(Brief descriptive captions)
------------------------

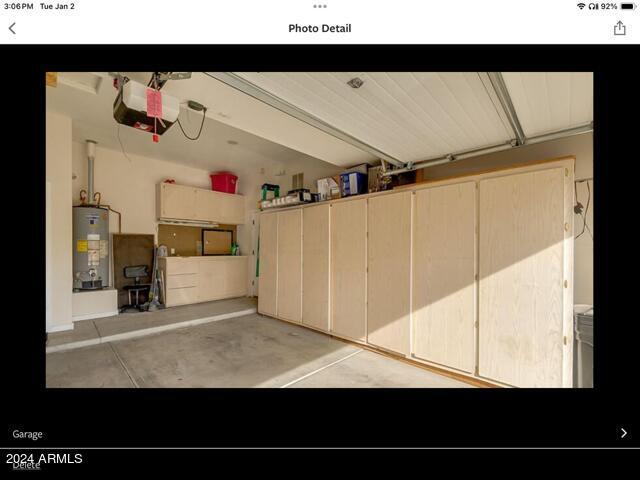 Building Photo - 3922 E Carson Rd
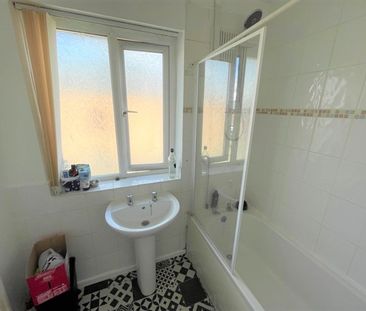 245 Windsor Street - Photo 5
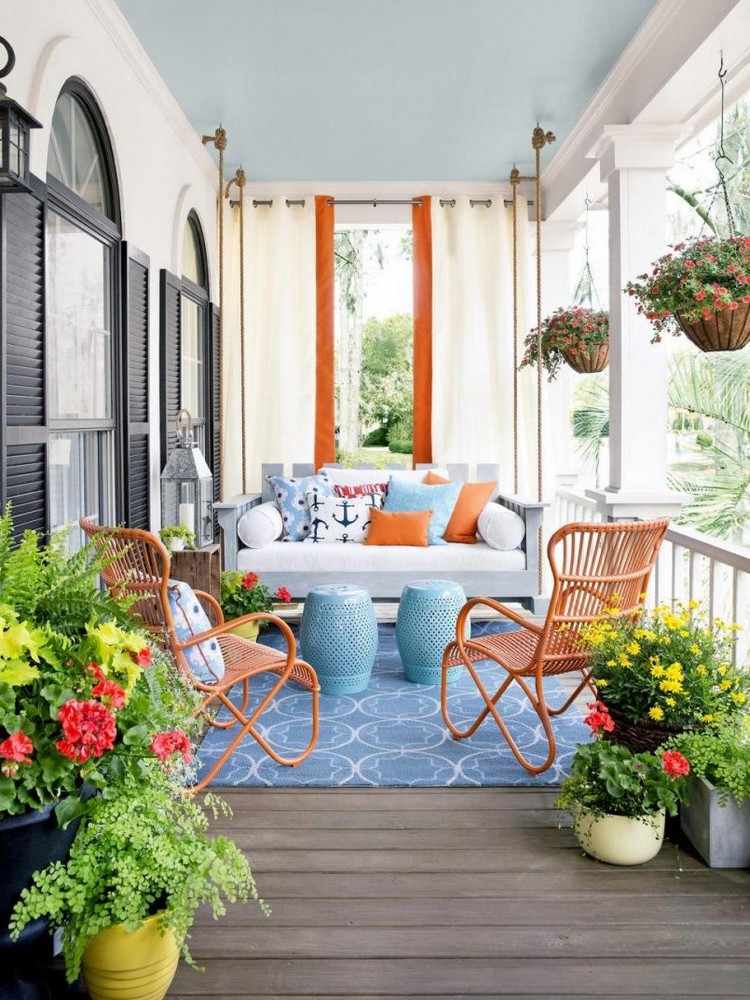 orientalisk-dekoration-veranda-kinesisk-trädgård-pall-ljus-blå-färgglad-inredning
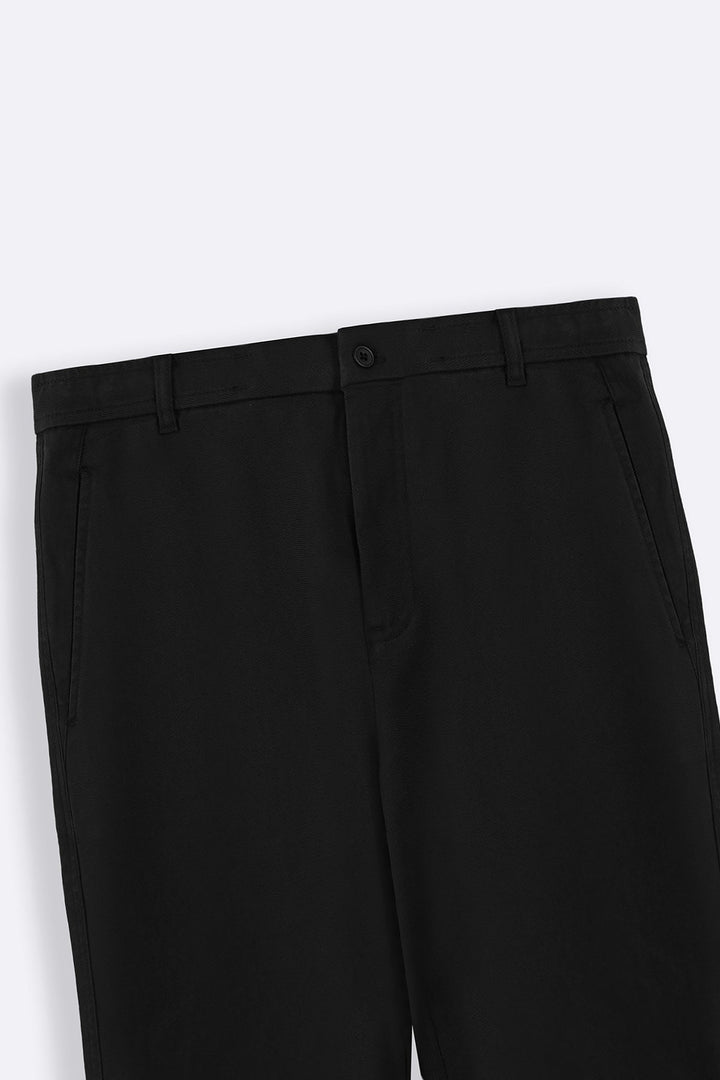 BLACK BASIC CHINO PANTS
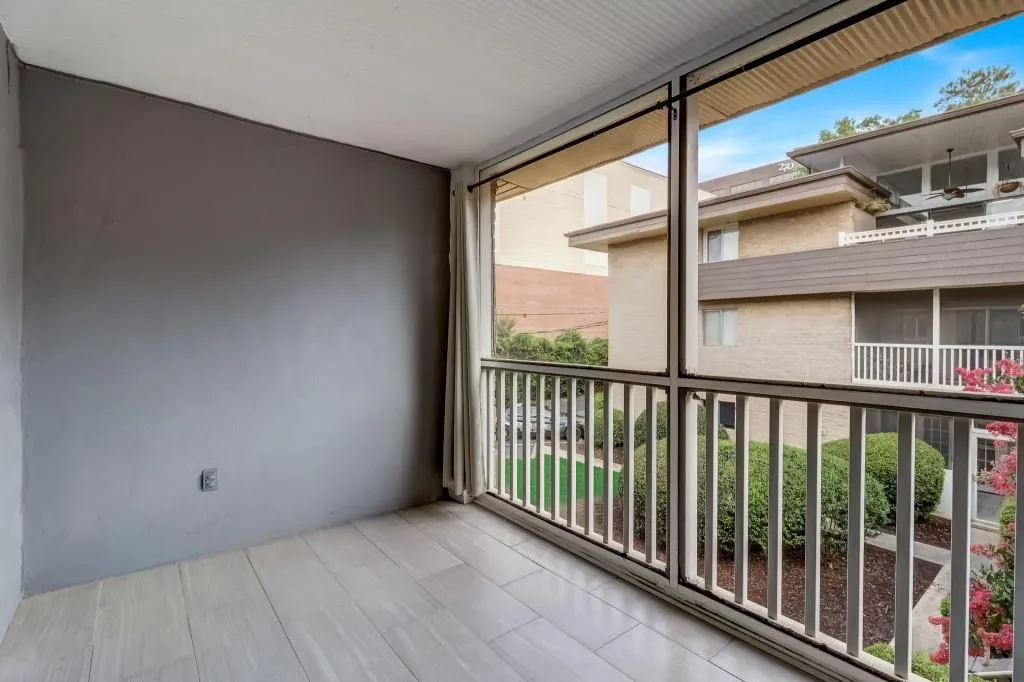 346 Carpenter Drive Unit 40, Sandy Springs, Georgia 30328, 2 Bedrooms Bedrooms, ,2 BathroomsBathrooms,Residential,Sold,346 Carpenter Drive Unit 40,7259574
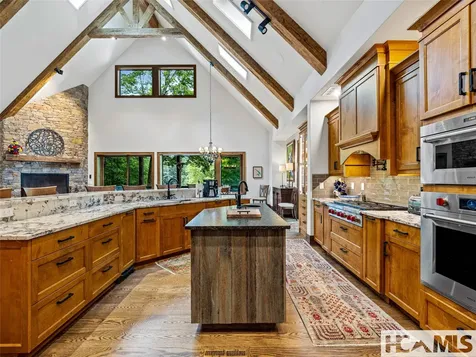 64 Bee Tree Way Lake Toxaway NC 28747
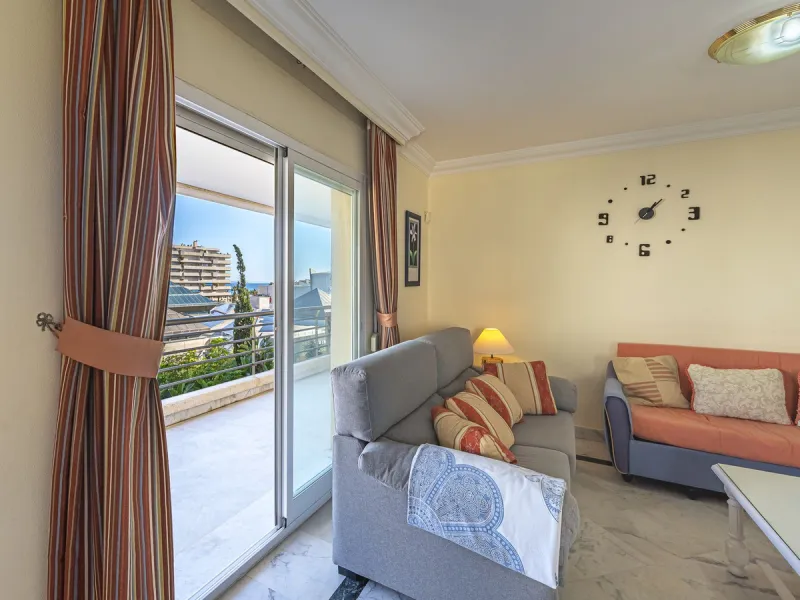 We present this fabulous flat in a premium location.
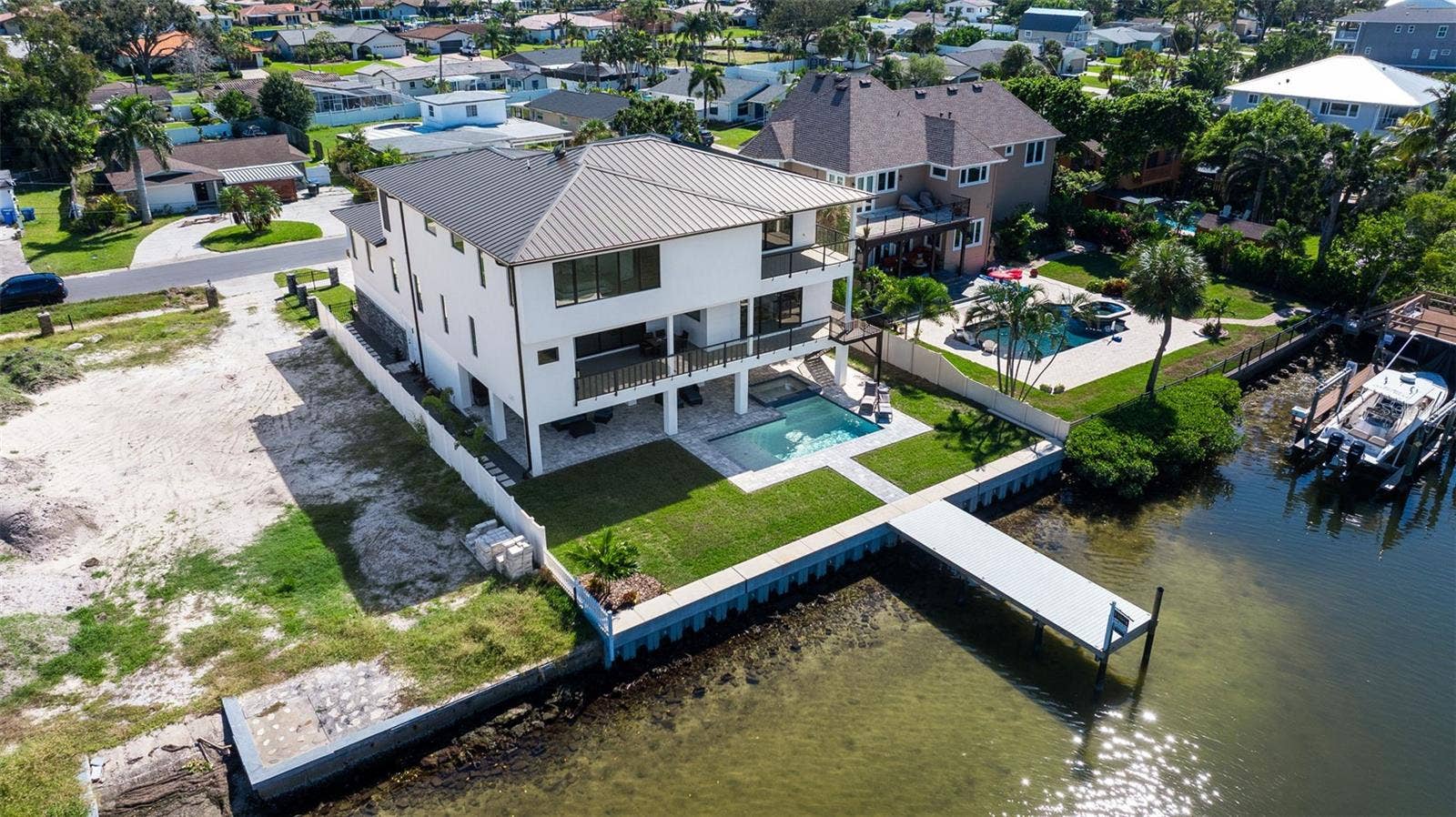 2121 BAYOU GRANDE BOULEVARD NE, St Petersburg, FL 33703 2121 BAYOU GRANDE BOULEVARD NE, St Petersburg, FL 33703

------------------------

[Directions for this task]
What is needed is an exact copy of the lines from the start of the records through the line containing "64 Bee Tree Way Lake Toxaway NC 28747", with no pictures.

[Exercise output]
 Building Photo - 3922 E Carson Rd
 245 Windsor Street - Photo 5
 orientalisk-dekoration-veranda-kinesisk-trädgård-pall-ljus-blå-färgglad-inredning
 BLACK BASIC CHINO PANTS
 346 Carpenter Drive Unit 40, Sandy Springs, Georgia 30328, 2 Bedrooms Bedrooms, ,2 BathroomsBathrooms,Residential,Sold,346 Carpenter Drive Unit 40,7259574
 64 Bee Tree Way Lake Toxaway NC 28747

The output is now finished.